» REQUIRED ACTION
Exact copy, no pictures: output each line below as it stands.

====== SUPPLIED MATERIAL ======

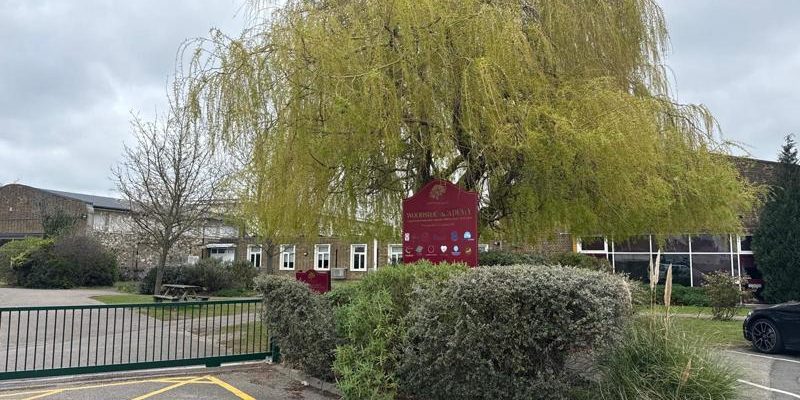 asbestos management survey primary school grays essex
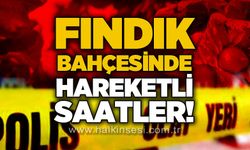 Fındık bahçesine şüpheli cisim düştü: İHA ihtimali araştırılıyor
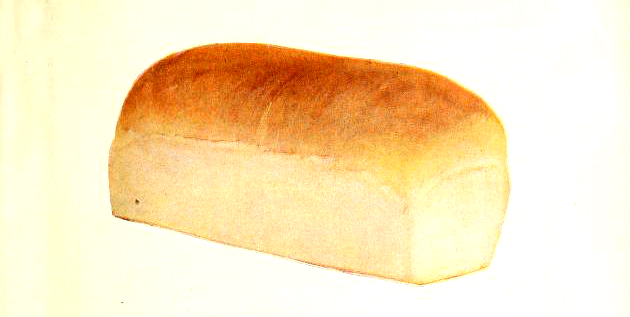 vintage bread illustration from retro cookbook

======

» RESPONSE TO THE TASK
 asbestos management survey primary school grays essex
 Fındık bahçesine şüpheli cisim düştü: İHA ihtimali araştırılıyor
 vintage bread illustration from retro cookbook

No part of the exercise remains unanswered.